O alerta era grave: a doença, altamente contagiosa e que causa hemorragia nos animais, é de notificação obrigatória aos órgãos oficiais nacionais e internacionais de controle de saúde animal, com potencial para rápida disseminação e significativas consequências socioeconômicas, segundo informações da Embrapa Suínos e Aves.

Em abril de 2019, veio a confirmação de que se tratava de um problema gigantesco: até 200 milhões de porcos poderiam ser abatidos ou mortos por infecção, estimou o banco holandês Rabobank.

"Teoricamente este número de suínos sacrificados ainda não foi atingido. Mas não existem dados oficiais", explica o presidente da Associação de Comércio Exterior do Brasil (AEB), José Augusto de Castro. De outubro para novembro, o preço internacional da tonelada da carne bovina aumentou de US$ 4,47 mil para US$ 4,86 mil, bem mais caro do que era em novembro de 2018, a US$ 3,9 mil.

Embora seja a proteína mais consumida na China, nenhum produtor mundial teria capacidade para alimentar os mais de 1 bilhão de habitantes do país com carne suína, e por isso a saída foi migrar as compras para carne de boi. Nesse ramo, os maiores produtores são Estados Unidos, Brasil e Austrália.

Segundo o Centro de Estudos Avançados em Economia Aplicada (Cepea), da Esalq/USP, o volume de carne exportado pelo Brasil se mantém acima das 100 mil toneladas desde julho de 2018, influenciado especialmente pela demanda chinesa. Em novembro, a China até autorizou 13 novos frigoríficos brasileiros a exportar para o país para reforçar a produção.

Os preços atuais das prateleiras, explica Castro, refletem as cotações antigas da carne no mercado internacional, o que sinaliza que podem subir.

"A expectativa é que em dezembro [os preços internacionais da tonelada] subam mais", diz, acrescentando que é por isso que ele prevê que, nos próximos meses, os preços ao consumidor estarão ainda mais altos.

"O preço que está hoje ainda não espelha o mercado internacional, porque o exportador vende com antecedência. Quem vendeu no passado vendeu com os preços antigos. Quem está vendendo agora, sim, está usando os preços internacionais novos", diz.

O aumento das vendas para o exterior, além disso, pegou o mercado despreparado: de acordo com dados do Cepea, a oferta de bois nos pastos brasileiros continuava restrita em novembro em todas as regiões do país. "De modo geral, o crescente abate de fêmeas em anos recentes resultou em restrição de oferta de animais. Nesse sentido, a pecuária nacional vai ter que responder com aumento de produtividade".

Quando o problema da China vai passar?

Desde o início da crise, havia a suspeita entre a indústria de carne que a situação da produção suína chinesa era pior do que era divulgado pelas autoridades.

A declaração oficial mais recente é de outubro, quando um oficial do Ministério da Agricultura, Yang Zhenhai, disse que a expectativa é recuperar 80% da produção suína em 2020. Segundo ele, a peste dizimou 40% dos porcos do país. Afirmou também que houve pouco progresso no desenvolvimento de uma vacina para combate do vírus.
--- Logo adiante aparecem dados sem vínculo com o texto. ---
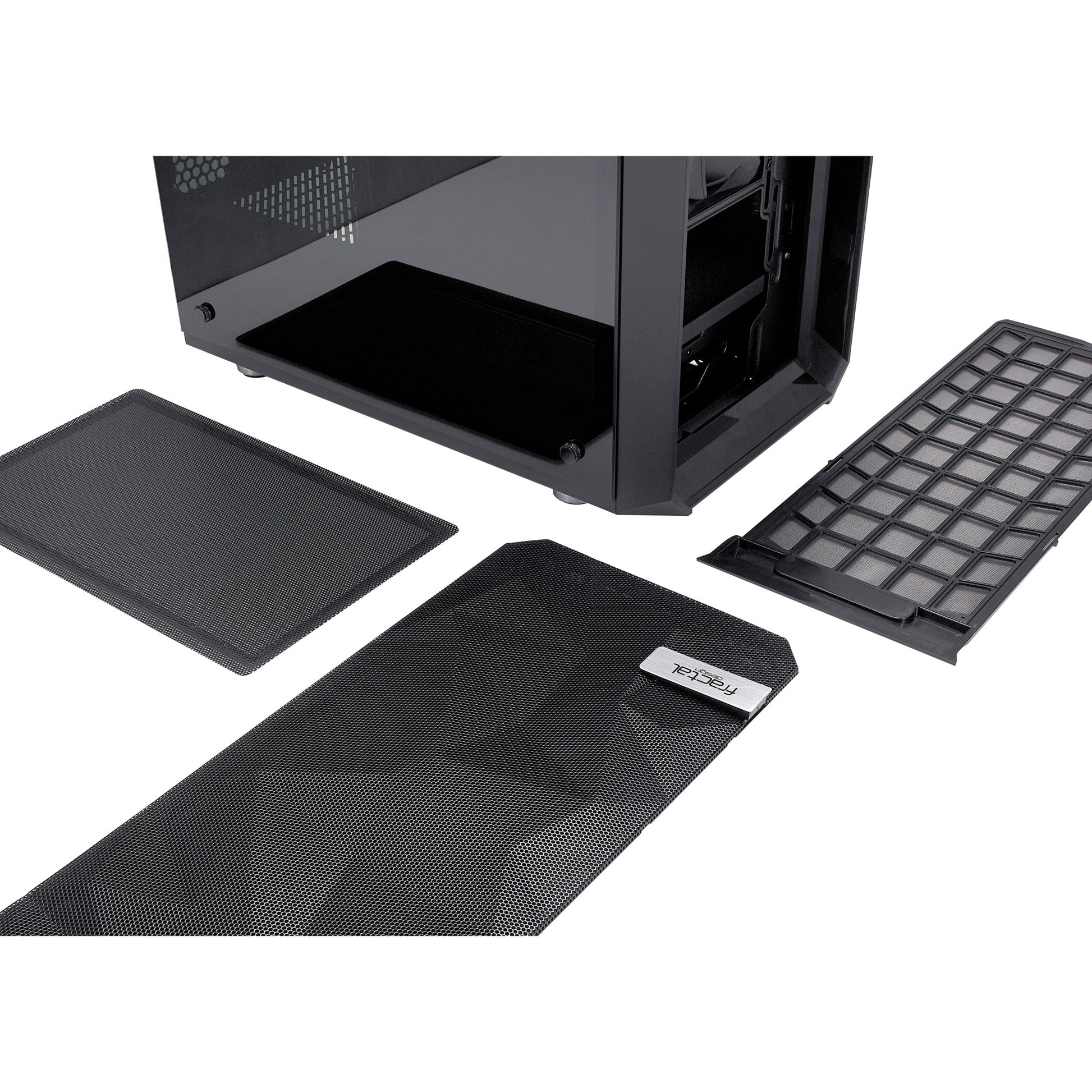 Fraktales Design meshify c dunkle getemperte Glas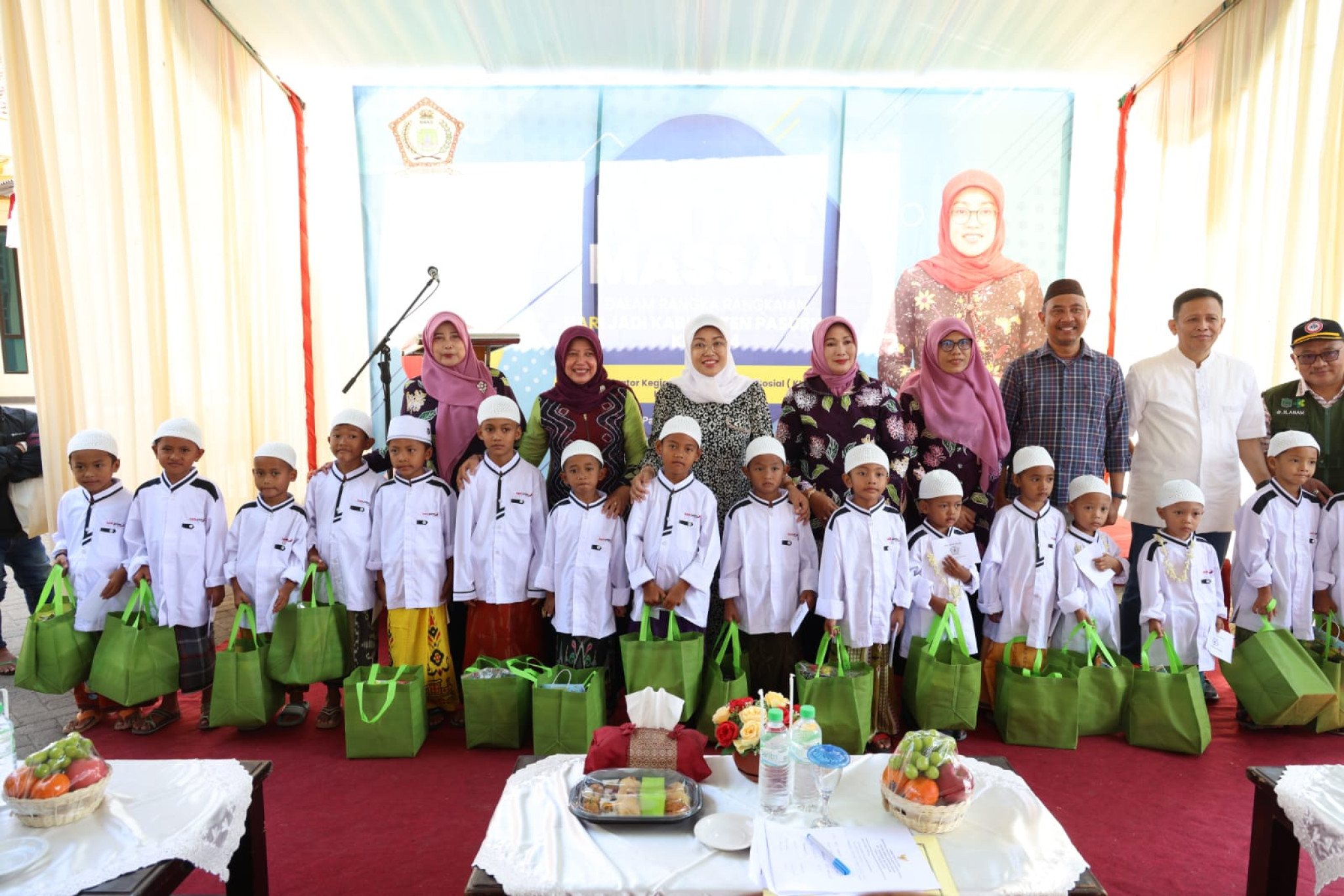 KKKS Kabupaten Pasuruan Gelar Acara Khitanan Massal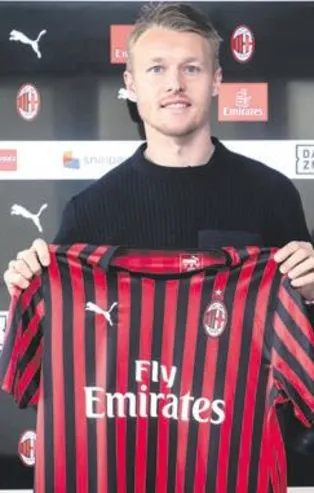 Simon Kjaer Milan’da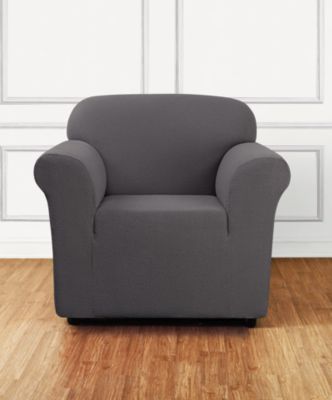Sure Fit - Stretch Delicate Leaf One Piece Chair Slipcover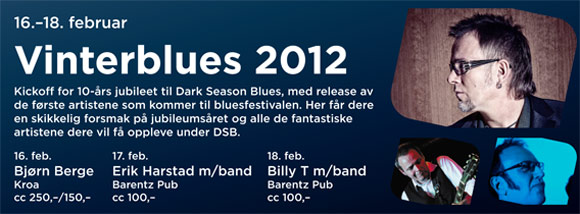 Vinterblues 2012 Vinterblues 2012 arrangeres i Longyearbyen 16. til 18. februar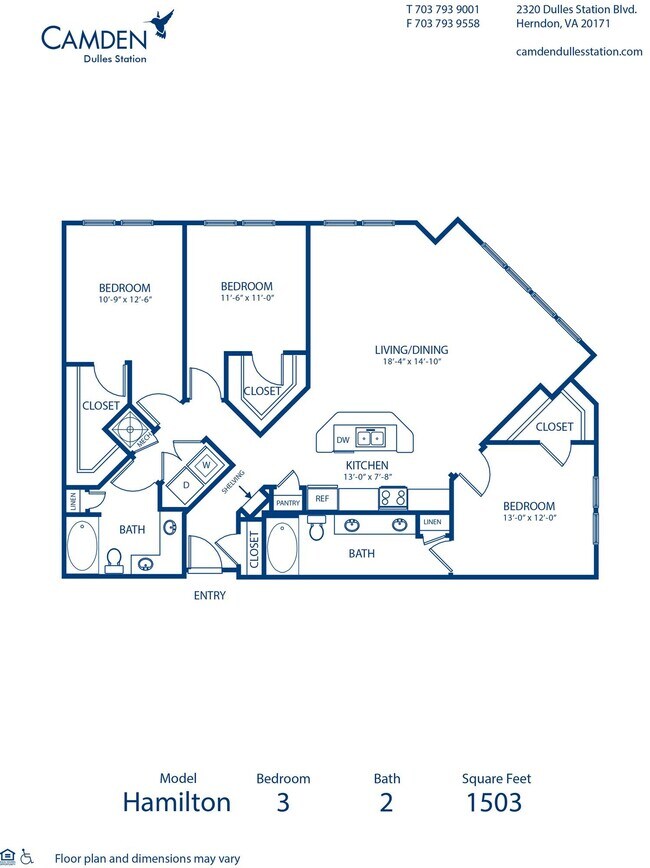 Floorplan - Camden Dulles Station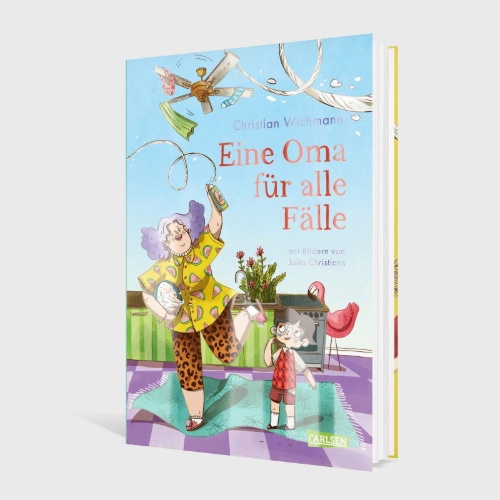 Buchcover und Innenansicht für das Buch: Eine Oma für alle Fälle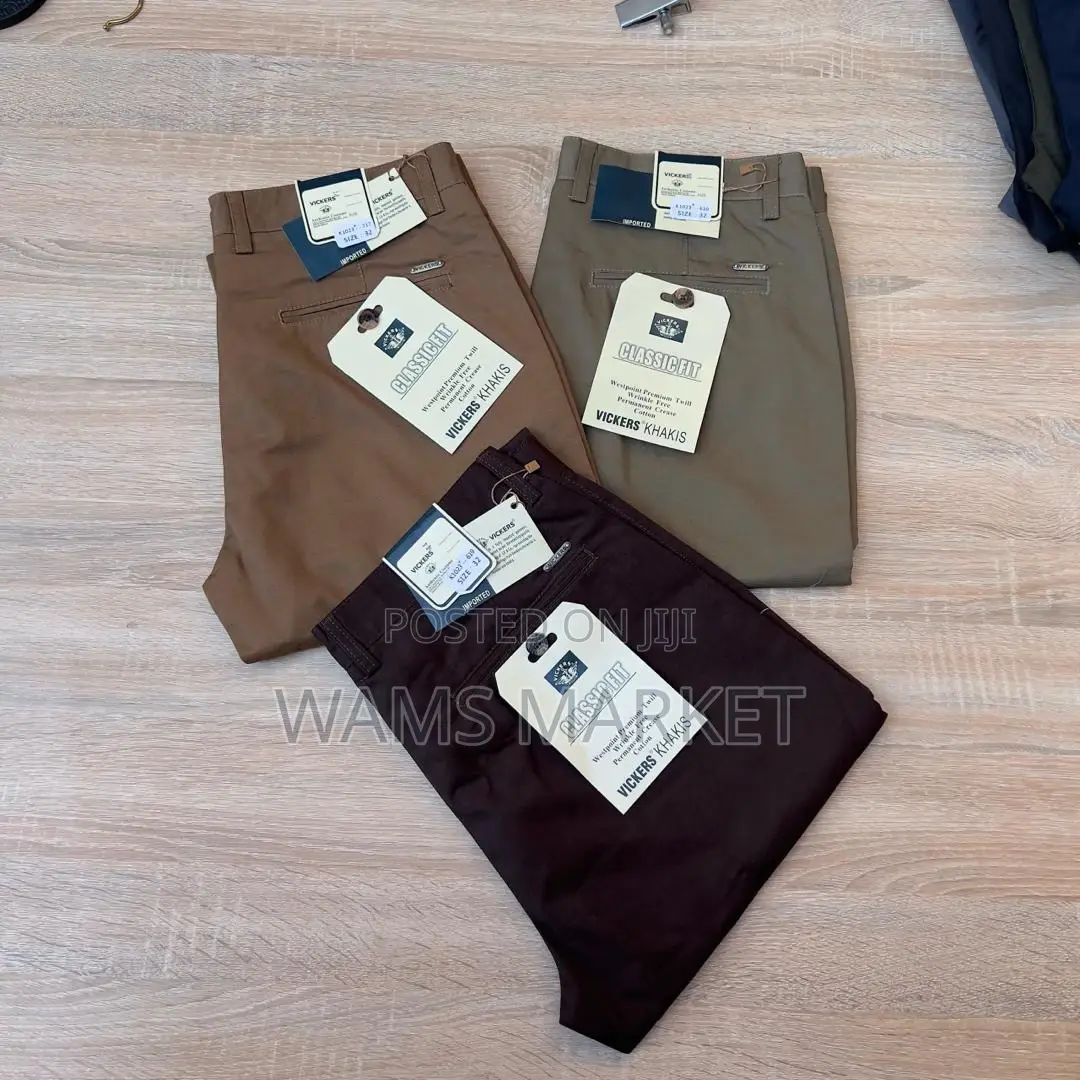 Vickers Khaki Trousers
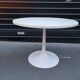 2 round tables, tulip base, saarinen style, 1970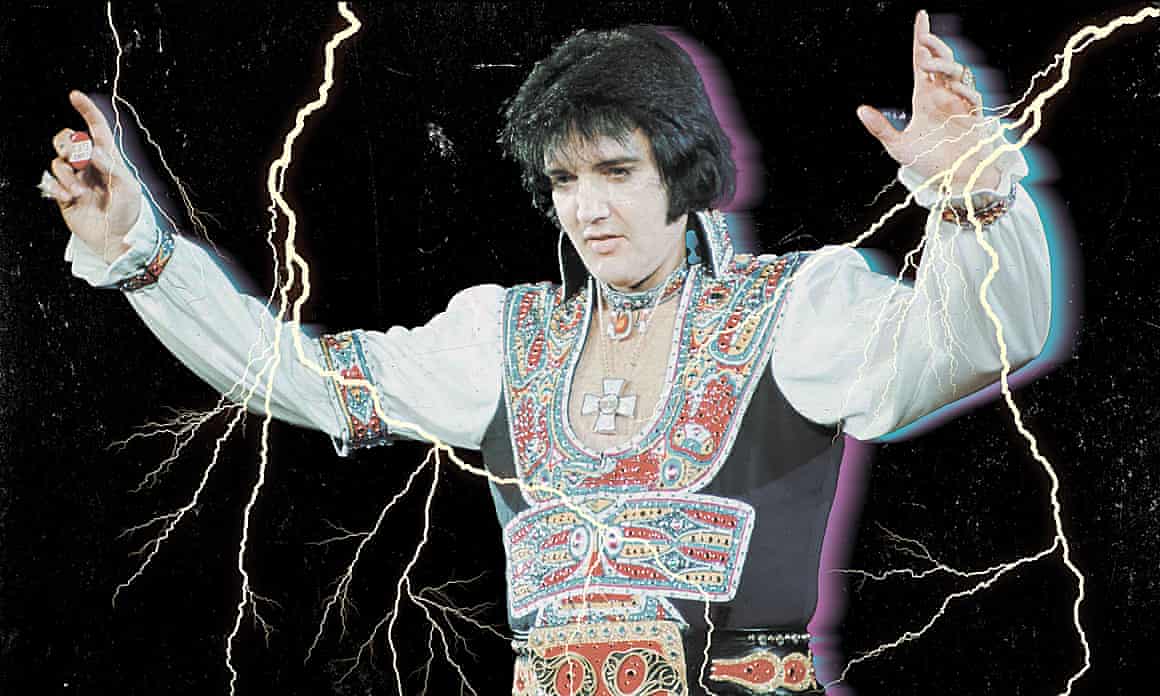 ‘He moved his hands over the guy’s back and the pain was almost gone’ … Presley.
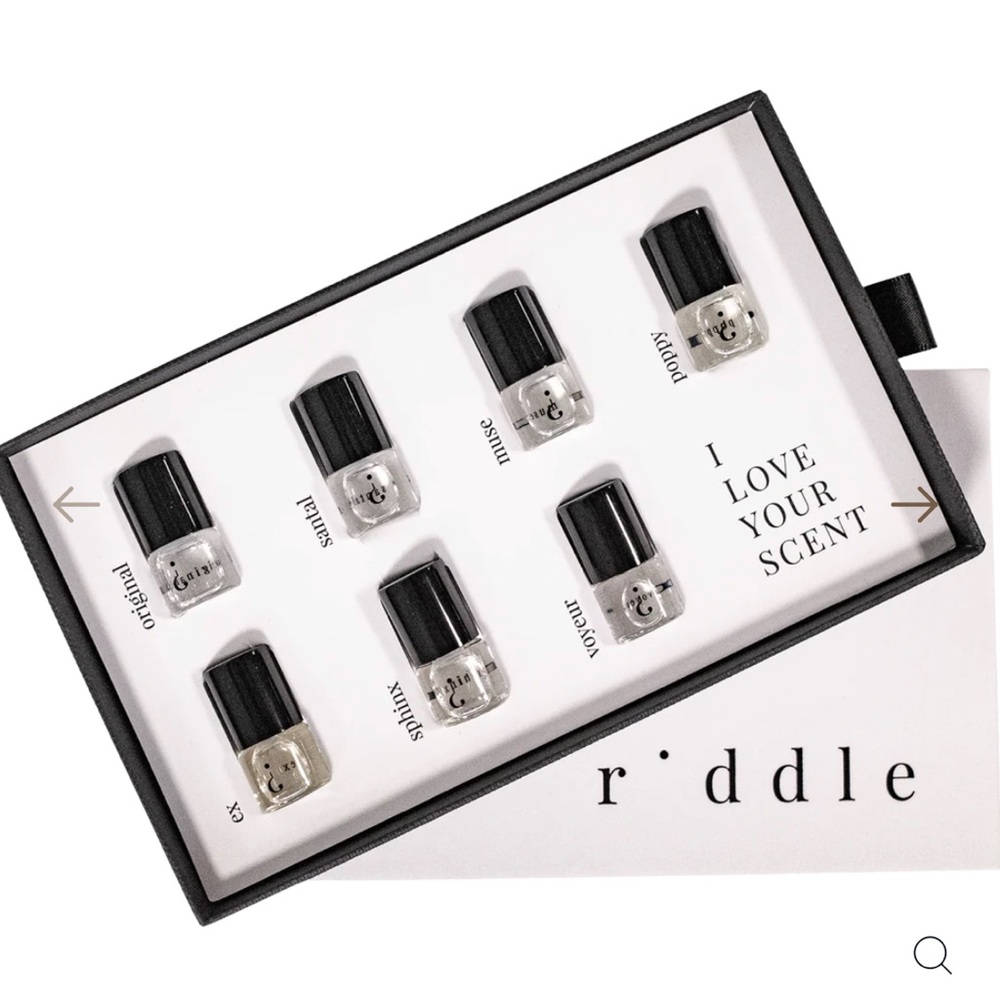 R’ddle | 'I Love Your Scent' pheromone oil Perfume Sample Set with pouch
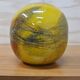 Vase en verre soufflé à la bouche jaune Ioan Nemtoi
Castro, da AEB, ressalta que, tratando-se de bois ou porcos, aumentar a produção não é rápido como na indústria, em que se pode ligar ou desligar máquinas de acordo com a variação da demanda.

"Um boi para entrar em tempo de abate precisa de pelo menos 18 meses, não é como uma indústria, que a demanda cresce e você pode reagir mais rapidamente. Se não tem carne hoje, não vai ter amanhã", explica.